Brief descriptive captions
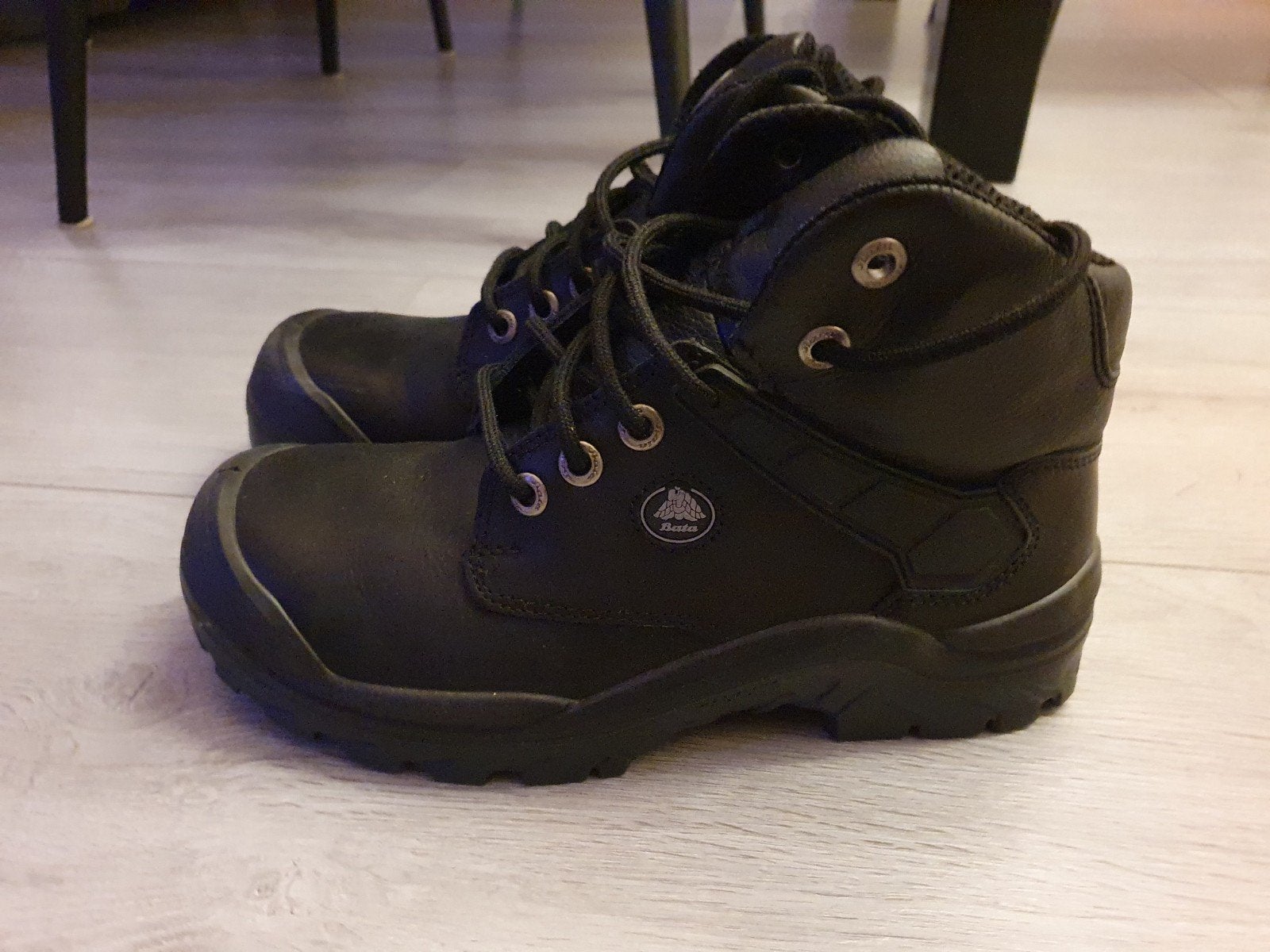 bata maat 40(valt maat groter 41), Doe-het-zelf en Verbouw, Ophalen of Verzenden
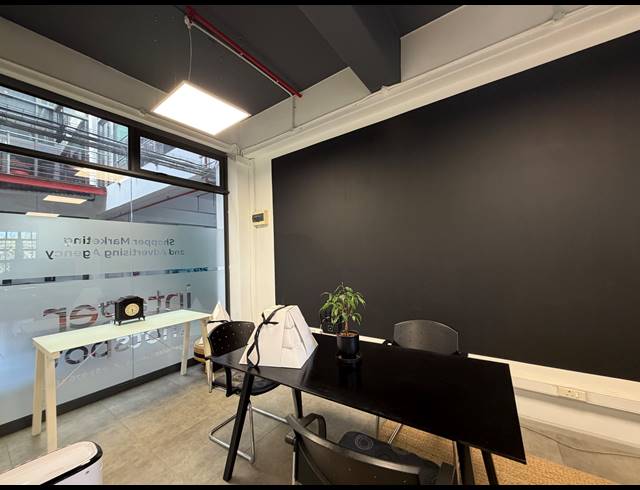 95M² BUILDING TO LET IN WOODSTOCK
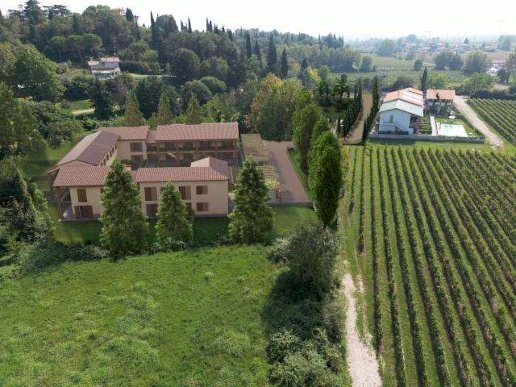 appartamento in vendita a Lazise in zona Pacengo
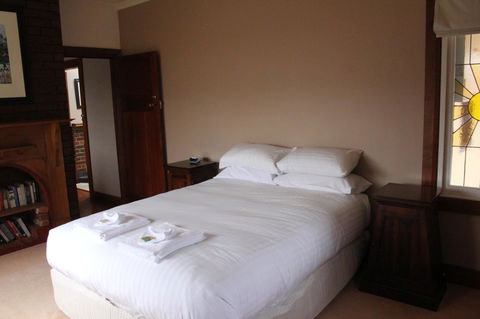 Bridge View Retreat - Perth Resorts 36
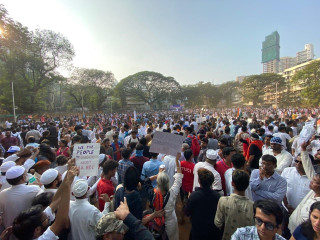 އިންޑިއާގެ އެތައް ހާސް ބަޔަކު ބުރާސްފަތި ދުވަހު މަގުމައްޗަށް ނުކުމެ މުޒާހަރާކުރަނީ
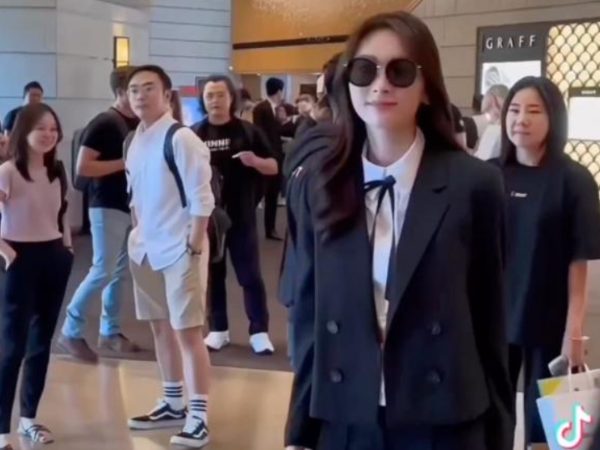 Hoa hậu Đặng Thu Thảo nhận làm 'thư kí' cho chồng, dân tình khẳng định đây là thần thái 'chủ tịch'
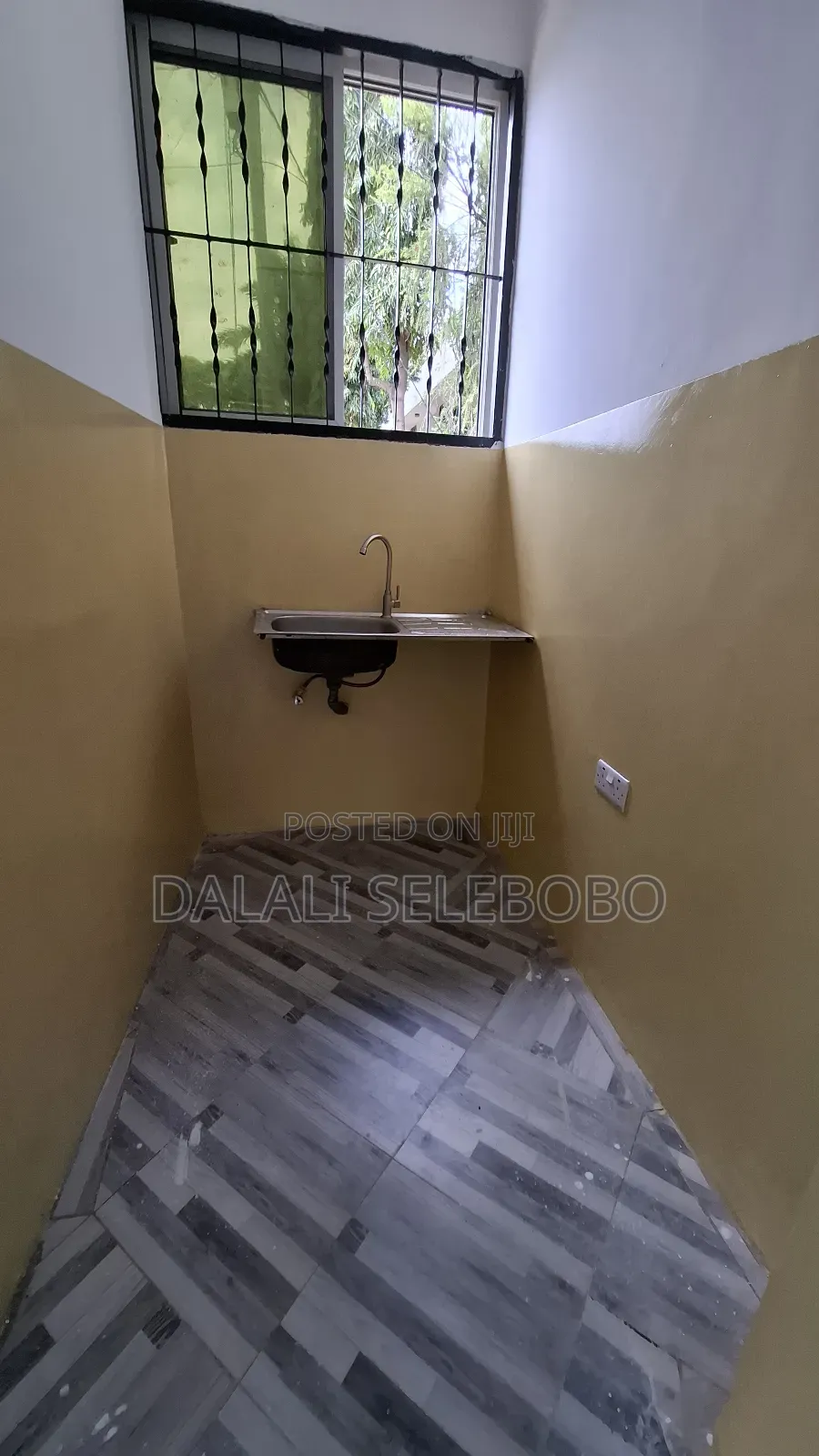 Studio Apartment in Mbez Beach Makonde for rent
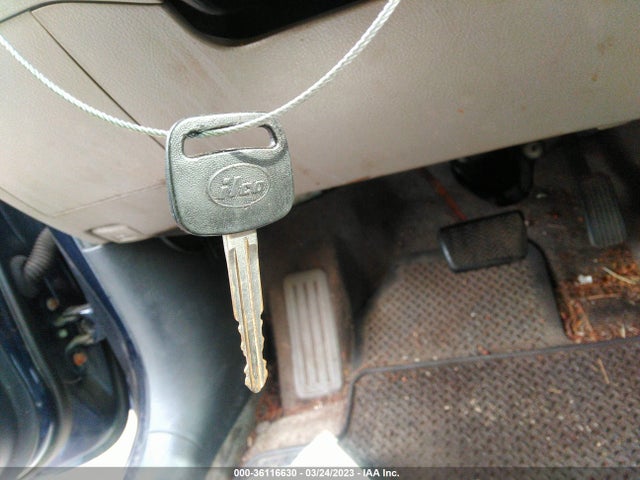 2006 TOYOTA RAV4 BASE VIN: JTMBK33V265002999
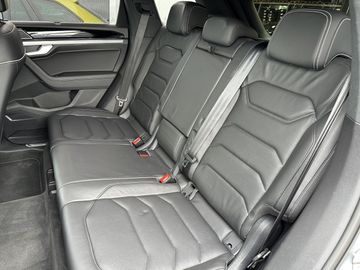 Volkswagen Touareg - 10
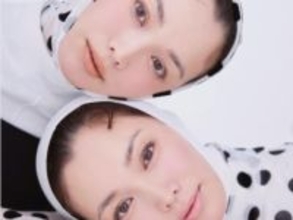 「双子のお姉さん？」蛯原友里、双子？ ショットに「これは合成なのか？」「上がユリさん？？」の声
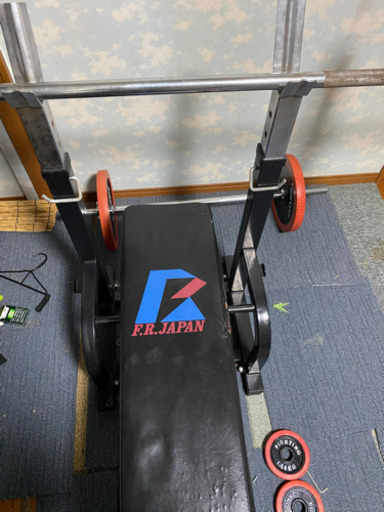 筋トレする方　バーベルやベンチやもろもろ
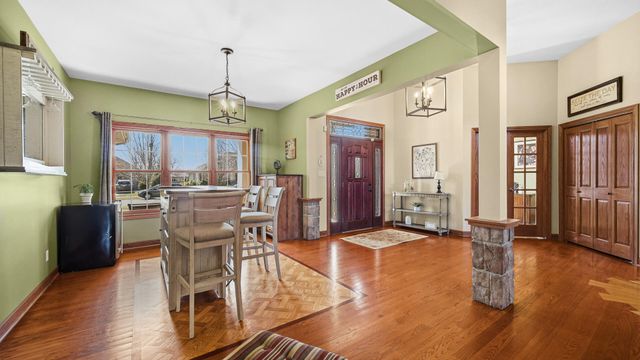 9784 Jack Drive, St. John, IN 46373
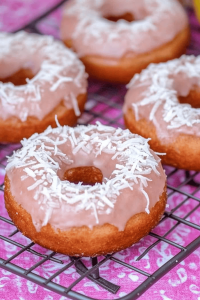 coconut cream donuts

## WHAT THE TASK ASKS
Only lines from the one holding "Studio Apartment in" through the last line of the entries above are wanted, both ends included, each retyped exactly; no pictures.

## ANSWER BELOW
 Studio Apartment in Mbez Beach Makonde for rent
 2006 TOYOTA RAV4 BASE VIN: JTMBK33V265002999
 Volkswagen Touareg - 10
 「双子のお姉さん？」蛯原友里、双子？ ショットに「これは合成なのか？」「上がユリさん？？」の声
 筋トレする方　バーベルやベンチやもろもろ
 9784 Jack Drive, St. John, IN 46373
 coconut cream donuts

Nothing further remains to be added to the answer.